%%
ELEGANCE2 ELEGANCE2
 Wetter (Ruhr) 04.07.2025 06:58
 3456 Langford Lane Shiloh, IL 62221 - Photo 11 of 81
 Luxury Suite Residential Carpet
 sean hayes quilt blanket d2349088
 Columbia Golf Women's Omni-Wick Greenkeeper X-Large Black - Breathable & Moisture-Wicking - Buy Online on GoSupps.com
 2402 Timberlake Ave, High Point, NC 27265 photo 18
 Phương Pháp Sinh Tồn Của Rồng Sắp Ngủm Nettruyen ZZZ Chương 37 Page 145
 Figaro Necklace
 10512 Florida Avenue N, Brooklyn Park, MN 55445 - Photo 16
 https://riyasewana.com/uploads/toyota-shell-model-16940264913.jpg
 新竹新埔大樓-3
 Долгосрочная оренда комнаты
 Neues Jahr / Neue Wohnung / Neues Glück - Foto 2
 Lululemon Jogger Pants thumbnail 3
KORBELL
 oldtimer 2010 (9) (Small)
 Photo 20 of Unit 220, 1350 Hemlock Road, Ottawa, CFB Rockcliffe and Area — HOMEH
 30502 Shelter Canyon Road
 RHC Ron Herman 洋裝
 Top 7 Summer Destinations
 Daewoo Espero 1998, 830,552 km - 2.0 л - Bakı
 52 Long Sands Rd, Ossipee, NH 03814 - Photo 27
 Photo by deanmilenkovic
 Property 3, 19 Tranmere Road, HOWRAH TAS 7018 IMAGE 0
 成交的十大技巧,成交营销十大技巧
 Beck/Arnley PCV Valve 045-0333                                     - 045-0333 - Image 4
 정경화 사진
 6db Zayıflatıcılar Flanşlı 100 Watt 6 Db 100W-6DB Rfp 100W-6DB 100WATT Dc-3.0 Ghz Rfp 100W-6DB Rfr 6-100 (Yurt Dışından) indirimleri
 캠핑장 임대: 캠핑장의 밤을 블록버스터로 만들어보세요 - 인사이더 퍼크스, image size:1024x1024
%%
• Assignment:
From the line containing "2402 Timberlake Ave, High" through the closing line of the material above, return every line exactly and omit all others.

• The completed task:
 2402 Timberlake Ave, High Point, NC 27265 photo 18
 Phương Pháp Sinh Tồn Của Rồng Sắp Ngủm Nettruyen ZZZ Chương 37 Page 145
 Figaro Necklace
 10512 Florida Avenue N, Brooklyn Park, MN 55445 - Photo 16
 https://riyasewana.com/uploads/toyota-shell-model-16940264913.jpg
 新竹新埔大樓-3
 Долгосрочная оренда комнаты
 Neues Jahr / Neue Wohnung / Neues Glück - Foto 2
 Lululemon Jogger Pants thumbnail 3
KORBELL
 oldtimer 2010 (9) (Small)
 Photo 20 of Unit 220, 1350 Hemlock Road, Ottawa, CFB Rockcliffe and Area — HOMEH
 30502 Shelter Canyon Road
 RHC Ron Herman 洋裝
 Top 7 Summer Destinations
 Daewoo Espero 1998, 830,552 km - 2.0 л - Bakı
 52 Long Sands Rd, Ossipee, NH 03814 - Photo 27
 Photo by deanmilenkovic
 Property 3, 19 Tranmere Road, HOWRAH TAS 7018 IMAGE 0
 成交的十大技巧,成交营销十大技巧
 Beck/Arnley PCV Valve 045-0333                                     - 045-0333 - Image 4
 정경화 사진
 6db Zayıflatıcılar Flanşlı 100 Watt 6 Db 100W-6DB Rfp 100W-6DB 100WATT Dc-3.0 Ghz Rfp 100W-6DB Rfr 6-100 (Yurt Dışından) indirimleri
 캠핑장 임대: 캠핑장의 밤을 블록버스터로 만들어보세요 - 인사이더 퍼크스, image size:1024x1024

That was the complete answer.